Transport Minister Michael Wood said the bridge strike highlighted how important it was to take care of the bridge - the main transport lifeline between the North Shore and Auckland isthmus.
He said Waka Kotahi NZ Transport Agency was working with the builders and taking a look at the design of the cycle and walking shared pathway across the bridge to ensure it was fit for purpose.
Neither Wood or NZTA would say if the SkyPath project would meet the Government's commitment to start construction early next year.
Since SkyPath was conceived 16 years ago, the project has been plagued by controversy, delays and rising costs.
In the past three years, the project has been taken over by NZTA from the SkyPath Trust and redesigned.
In February, the Government included SkyPath in a $6.8 billion New Zealand Upgrade Programme of transport projects and said construction would start in early 2021.
SkyPath is expected to cost $240 million and $120m for a shared pathway extension to Esmonde Rd, rebranded the Northern Pathway by NZTA.
NZTA senior manager service delivery Andrew Thackwray said the alliance of builders was carefully considering the current design to ensure the bridge was "protected as best we can to keep it fully operational".
"It is a critical section of Auckland's transport system and there are huge impacts on people and the wider transport system when it's not operating at full capacity," he said.
The design envisages the shared pathway attached to the bridge piles rather than the clip-ons to avoid load restrictions.
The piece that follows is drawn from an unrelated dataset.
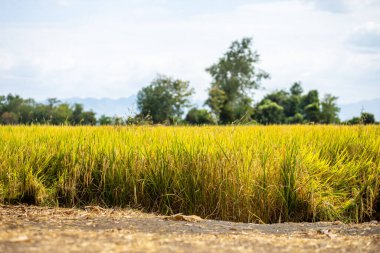 Kırsal kesimde mavi gökyüzünün altında tarım altın pirinç tarlası. tarım, büyüme ve tarım kavramı.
However, the business case said building off the piles was complex, challenging and had risks.
Thackwray would not comment on a column in the Herald by a former senior editor, John Roughan, of a new bridge proposal submitted to NZTA.
Roughan said the proposal involved a new bridge alongside the existing one standing on its own piles for the Northern Busway, a cycleway and walkway.
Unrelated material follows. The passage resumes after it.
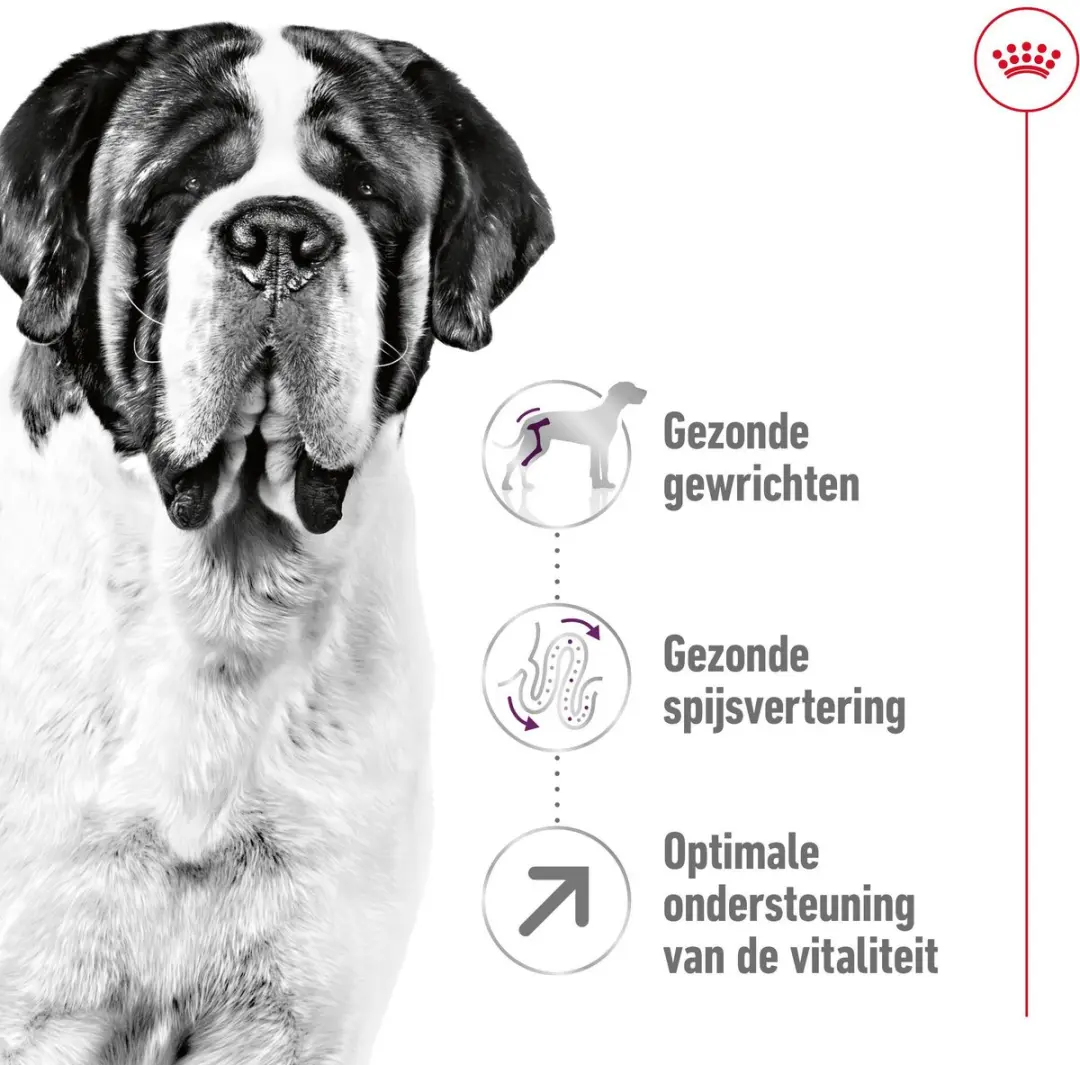 Royal Canin Giant Adult Hondenvoer 4kg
Bevan Woodward, who came up with the idea for SkyPath, said a busway bridge would be a real threat to making progress.
He said the trust's lightweight and consented design was "shovel ready" and could be an interim solution.
Wood said Auckland Transport was working on a business case for improvements to the Northern Busway.
"My understanding is a new bridge with a busway and shared path is not planned as part of this work," Wood said.
As well as SkyPath and improving the Northern Busway at a cost of between $500m and $600m, a new business case from NZTA last month recommended a $5 billion rail tunnel for a new harbour crossing within the next 20 years.